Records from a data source
========================================================================

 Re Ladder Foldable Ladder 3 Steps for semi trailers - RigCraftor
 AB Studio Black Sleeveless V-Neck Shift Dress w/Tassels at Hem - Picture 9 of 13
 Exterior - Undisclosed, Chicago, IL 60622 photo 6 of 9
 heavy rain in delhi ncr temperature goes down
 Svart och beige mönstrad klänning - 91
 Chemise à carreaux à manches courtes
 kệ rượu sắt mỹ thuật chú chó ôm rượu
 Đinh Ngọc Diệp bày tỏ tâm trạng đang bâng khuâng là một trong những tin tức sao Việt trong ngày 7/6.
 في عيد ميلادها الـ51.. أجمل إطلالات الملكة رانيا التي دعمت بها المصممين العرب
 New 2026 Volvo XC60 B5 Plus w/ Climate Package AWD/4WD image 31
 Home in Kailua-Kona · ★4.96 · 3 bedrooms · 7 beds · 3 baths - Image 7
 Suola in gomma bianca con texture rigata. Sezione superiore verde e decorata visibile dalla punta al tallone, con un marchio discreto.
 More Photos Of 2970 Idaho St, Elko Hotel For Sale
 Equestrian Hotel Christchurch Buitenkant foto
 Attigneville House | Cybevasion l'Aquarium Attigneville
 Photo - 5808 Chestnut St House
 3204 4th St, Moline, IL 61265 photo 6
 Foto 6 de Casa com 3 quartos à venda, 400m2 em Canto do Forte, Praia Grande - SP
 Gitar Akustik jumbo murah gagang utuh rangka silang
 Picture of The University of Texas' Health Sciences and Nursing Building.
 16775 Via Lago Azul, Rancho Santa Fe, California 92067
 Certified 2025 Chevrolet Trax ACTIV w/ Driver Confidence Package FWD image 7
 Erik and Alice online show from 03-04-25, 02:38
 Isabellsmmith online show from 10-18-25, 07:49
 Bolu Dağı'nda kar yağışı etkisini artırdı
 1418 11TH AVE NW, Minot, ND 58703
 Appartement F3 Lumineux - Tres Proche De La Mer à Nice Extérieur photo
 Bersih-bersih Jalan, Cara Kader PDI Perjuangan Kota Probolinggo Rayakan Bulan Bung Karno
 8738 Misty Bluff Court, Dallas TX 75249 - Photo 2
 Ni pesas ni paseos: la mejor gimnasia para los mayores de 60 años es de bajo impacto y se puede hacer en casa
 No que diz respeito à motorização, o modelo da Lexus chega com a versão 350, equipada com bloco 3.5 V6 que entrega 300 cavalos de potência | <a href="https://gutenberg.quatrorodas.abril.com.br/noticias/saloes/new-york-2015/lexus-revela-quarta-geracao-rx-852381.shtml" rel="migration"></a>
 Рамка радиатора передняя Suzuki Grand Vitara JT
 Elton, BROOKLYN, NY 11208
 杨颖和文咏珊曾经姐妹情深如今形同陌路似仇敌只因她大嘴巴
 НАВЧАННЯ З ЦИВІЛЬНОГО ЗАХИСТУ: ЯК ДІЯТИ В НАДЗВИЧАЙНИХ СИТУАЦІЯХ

========================================================================

Please restate, exactly as written, the line that holds "kệ rượu sắt mỹ thuật chú chó ôm rượu" and all remaining lines of the data above, and only those.

 kệ rượu sắt mỹ thuật chú chó ôm rượu
 Đinh Ngọc Diệp bày tỏ tâm trạng đang bâng khuâng là một trong những tin tức sao Việt trong ngày 7/6.
 في عيد ميلادها الـ51.. أجمل إطلالات الملكة رانيا التي دعمت بها المصممين العرب
 New 2026 Volvo XC60 B5 Plus w/ Climate Package AWD/4WD image 31
 Home in Kailua-Kona · ★4.96 · 3 bedrooms · 7 beds · 3 baths - Image 7
 Suola in gomma bianca con texture rigata. Sezione superiore verde e decorata visibile dalla punta al tallone, con un marchio discreto.
 More Photos Of 2970 Idaho St, Elko Hotel For Sale
 Equestrian Hotel Christchurch Buitenkant foto
 Attigneville House | Cybevasion l'Aquarium Attigneville
 Photo - 5808 Chestnut St House
 3204 4th St, Moline, IL 61265 photo 6
 Foto 6 de Casa com 3 quartos à venda, 400m2 em Canto do Forte, Praia Grande - SP
 Gitar Akustik jumbo murah gagang utuh rangka silang
 Picture of The University of Texas' Health Sciences and Nursing Building.
 16775 Via Lago Azul, Rancho Santa Fe, California 92067
 Certified 2025 Chevrolet Trax ACTIV w/ Driver Confidence Package FWD image 7
 Erik and Alice online show from 03-04-25, 02:38
 Isabellsmmith online show from 10-18-25, 07:49
 Bolu Dağı'nda kar yağışı etkisini artırdı
 1418 11TH AVE NW, Minot, ND 58703
 Appartement F3 Lumineux - Tres Proche De La Mer à Nice Extérieur photo
 Bersih-bersih Jalan, Cara Kader PDI Perjuangan Kota Probolinggo Rayakan Bulan Bung Karno
 8738 Misty Bluff Court, Dallas TX 75249 - Photo 2
 Ni pesas ni paseos: la mejor gimnasia para los mayores de 60 años es de bajo impacto y se puede hacer en casa
 No que diz respeito à motorização, o modelo da Lexus chega com a versão 350, equipada com bloco 3.5 V6 que entrega 300 cavalos de potência | <a href="https://gutenberg.quatrorodas.abril.com.br/noticias/saloes/new-york-2015/lexus-revela-quarta-geracao-rx-852381.shtml" rel="migration"></a>
 Рамка радиатора передняя Suzuki Grand Vitara JT
 Elton, BROOKLYN, NY 11208
 杨颖和文咏珊曾经姐妹情深如今形同陌路似仇敌只因她大嘴巴
 НАВЧАННЯ З ЦИВІЛЬНОГО ЗАХИСТУ: ЯК ДІЯТИ В НАДЗВИЧАЙНИХ СИТУАЦІЯХ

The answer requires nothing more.